The plasma where Parker gets close to the sun also whips around the star far faster than expected. Escaping plasma gets twirled off into space by the sun’s rotation. Researchers thought they’d clock that plasma’s lateral speeds at a few kilometers per second. Instead, they recorded speeds as high as 50 kilometers (30 miles) per second. “That’s really wild,” Kasper says.

Such high speeds might mean that researchers have to rethink how the sun — and all stars — evolve. As stellar winds spiral away, they carry with them rotational energy from the star. That gradually puts the brakes on its rotation. A faster wind spiral might mean stars spin down much faster than scientists thought, Kasper explains.

“This is really amazing, if true,” Zouganelis says. However, the researchers are not yet ready to rewrite the textbooks on stellar physics. These measurements need to be confirmed at lower altitudes. That is one of the many things Parker will watch for on future orbits, Kasper says.

Solving old mysteries

Parker has been busy raising new questions. But it also may have helped solve one mystery: the origin of the “slow” solar wind. The flood of particles from the sun is a blend of two flows. One moves up to twice as fast as the other. Researchers already showed that the fast flow originates near the sun’s poles. It flows through funnellike openings in the sun’s magnetic field. These openings are known as coronal holes. Now, Parker’s data suggest that the slow wind flows from small coronal holes near the sun’s equator.

“It hasn’t always been clear that coronal holes can generate the slow wind,” says Stuart Bale. “But now we can see this very clearly.” Bale is a mission scientist and a solar physicist at the University of California, Berkeley.

Parker cameras also caught magnetic “islands” forming. These tubes of plasma had been predicted. They are entangled in a nest of magnetic fields. Those magnetic fields cart energy and matter into space.

The researchers think that they also may be seeing hints of a clearing in the interplanetary dust near the sun. They aren’t quite sure yet how it happens. But they are excited, since they’d thought it was there for decades.

The spacecraft recorded small bursts of energetic particles coming from the sun. These are mostly protons. The bursts might provide the seeds for more voluminous waves of particles. Such particle tsunamis are sometimes carried up as part of the solar wind, says David McComas. A solar physicist in New Jersey at Princeton University, he is in charge of one of Parker’s particle detectors. The smaller bursts had not been seen by any other spacecraft. That means Parker is getting an up-close view of particle acceleration that would otherwise have been missed. 

“We know that energetic particles come from the sun, but we seem to be seeing many more near the sun,” Browning says. “That tells us that particle acceleration might be much more common than perhaps we thought.”

More mysteries to come

That fire hose of information from Parker’s initial orbits is sure to keep researchers occupied for years to come. These new data have “created more questions than they answered,” Zouganelis says. “Most of all, these papers show that the instruments work really well, and we’ll have great measurements as they go closer to the sun.”

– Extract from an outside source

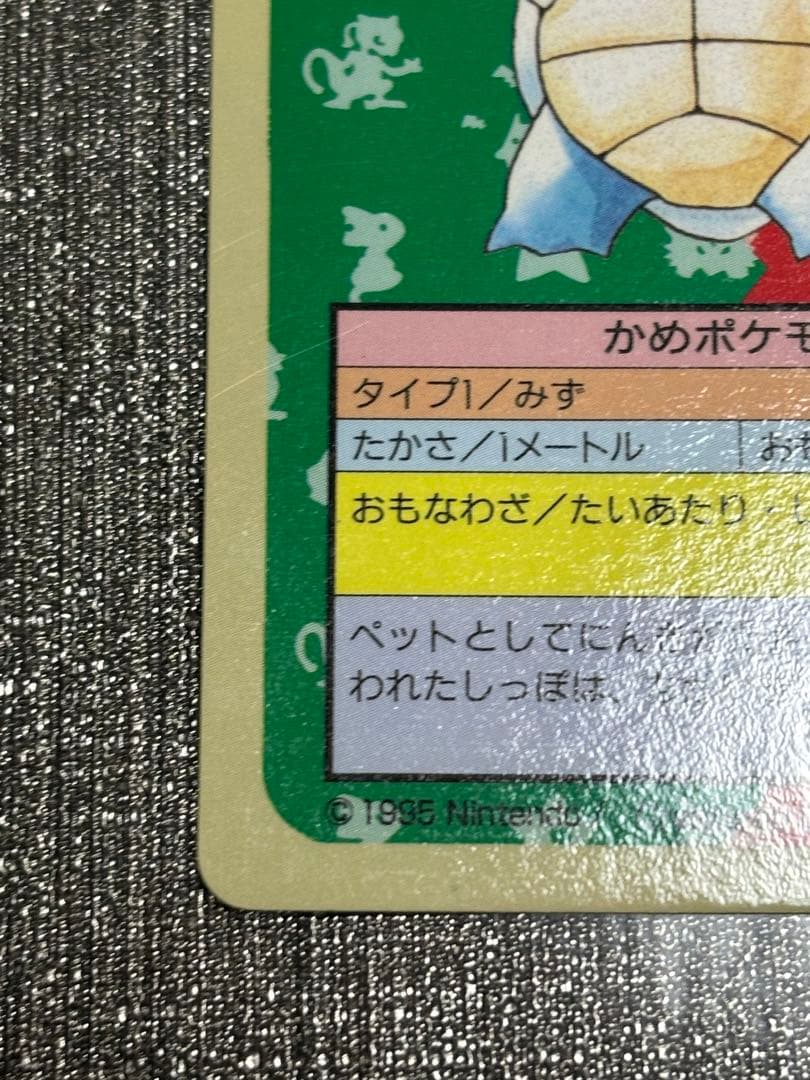 【セット】ポケモンカード　トップサン　カメックス　裏緑　カメール　裏青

Parker’s next big maneuver is a series of 18 orbits. During these, the spacecraft will use the gravity of Venus to inch a little closer to the sun. Its last three orbits, starting in December 2024, will bring Parker even closer — to within just 6 million kilometers (3.7 million miles) of the sun’s surface. That’s more than seven times closer than any previous mission. And it will put all of Parker’s special protective technology to the test.

Nour Raouafi is confident in the solar probe’s future. He is Parker’s mission lead and works at the Johns Hopkins University Applied Physics Laboratory in Laurel, Md. “We’ll never see the solar wind the same way,” he says. “Parker is going to rewrite the textbooks for us.”